Ainsi une prospection géophysique de quelques jours à l'aide d'un sondeur multifaisceaux a été conduite afin de préciser la bathymétrie de la zone et de sécuriser la navigation du navire support. La surface de la zone d'intervention couverte au cours des prospections géophysiques s'étend sur environ 10 km2, autour du récif de Keith.
La vérification des cibles a été effectuée grâce au ROV Hilarion, un robot de 80 kg spécialement conçu pour la réalisation des captures de prises de vue photos et vidéos à très haute résolution.

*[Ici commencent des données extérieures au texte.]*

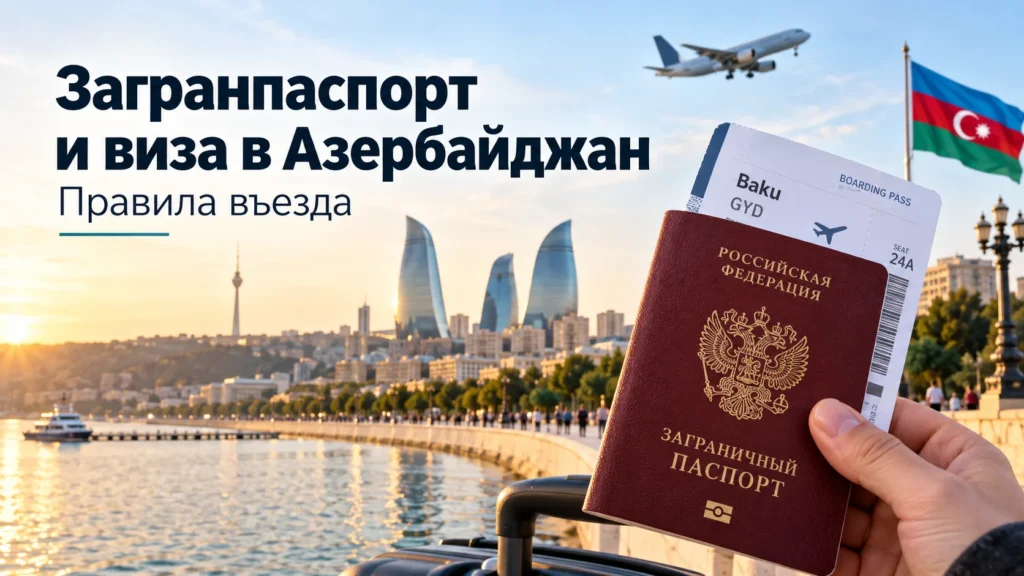 Нужен ли загранпаспорт и виза в Азербайджан — правила въезда для россиян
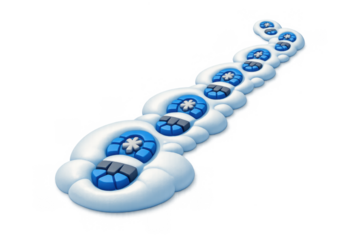 Arctic footprint trail conceptual design for nature exploration and winter adventure visuals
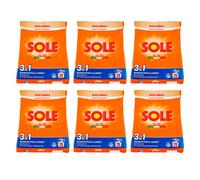 6pz SOLE Detersivo in polvere igienizzante BIANCO SPLENDENTE 26 lavaggi 1,3kg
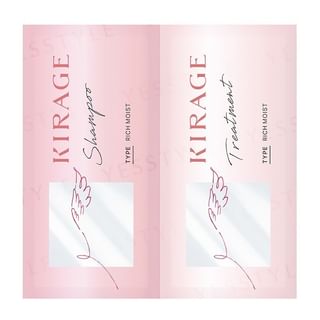 Kose - Kirage Rich Moist Hair Shampoo & Treatment Trial 10ml x 2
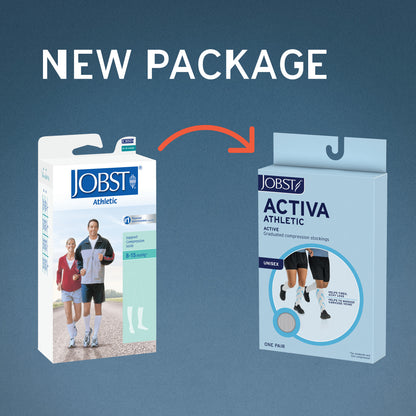 JOBST® ACTIVA Athletic Knee High 20-30 mmHg Compression Socks Closed Toe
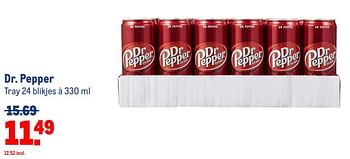 Aanbiedingen Dr. pepper - Dr. Pepper - Geldig van 30/08/2023 tot 12/09/2023 bij Makro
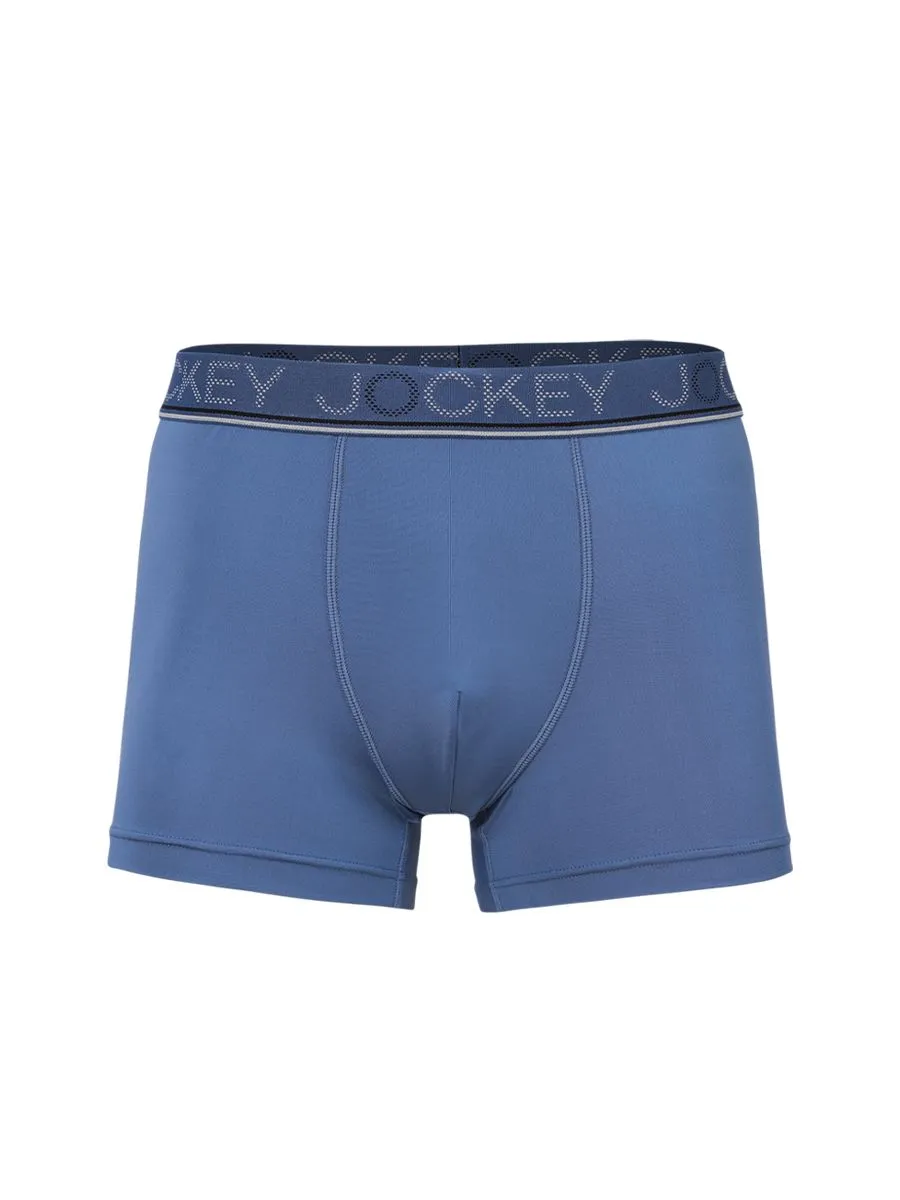 JOCKEY UNDERWEAR Men's COOLING JADE TRUNKS BLUE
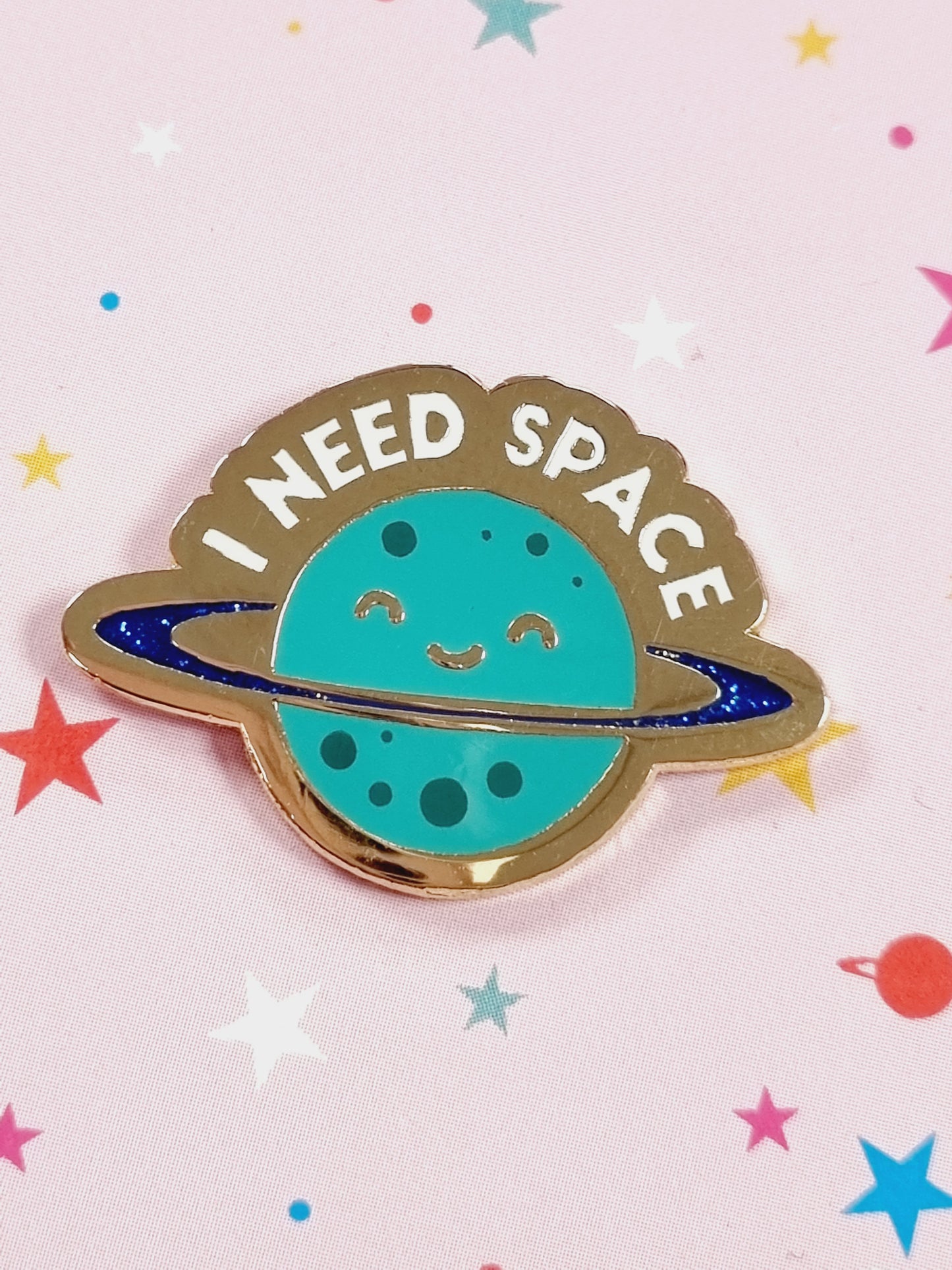 Emalipinssi I Need Space, turkoosi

Il est équipé à cet effet de multiples caméras, acoustique, photos, vidéos, et peut intervenir jusqu'à 500 mètres de profondeur.
Le nombre total des cibles identifiées au cours du survey s'élève à vingt- quatre dont huit seulement ont fait l'objet de vérification (après analyse des données) par le ROV Hilarion.
Conclusion générale de la mission
La zone du Canal de Sicile/Cap Bon constitue « un espace géographique, historique et archéologique riche d'enseignements », indique le rapport collectif de la mission internationale archéologique subaquatique. Cette mission qualifiée d'« inédite » constitue aussi « la première étape concrète de la préparation d'un plan de protection et de gestion de la zone, qui pourrait inclure des investigations scientifiques supplémentaires ».
Les découvertes archéologiques au banc des Esquerquis ont rappelé l'importance de ce patrimoine archéologique subaquatique commun et l'intérêt pour les Etats de s'associer pour assurer son étude et sa protection, en dehors des eaux territoriales. Elles témoignent d'une large chronologie allant de l'époque romaine au début du XXe siècle et confirment le banc des Esquerquis comme une zone d'intérêt archéologique et naturel exceptionnel pour l'étude, la conservation et la valorisation du patrimoine culturel subaquatique.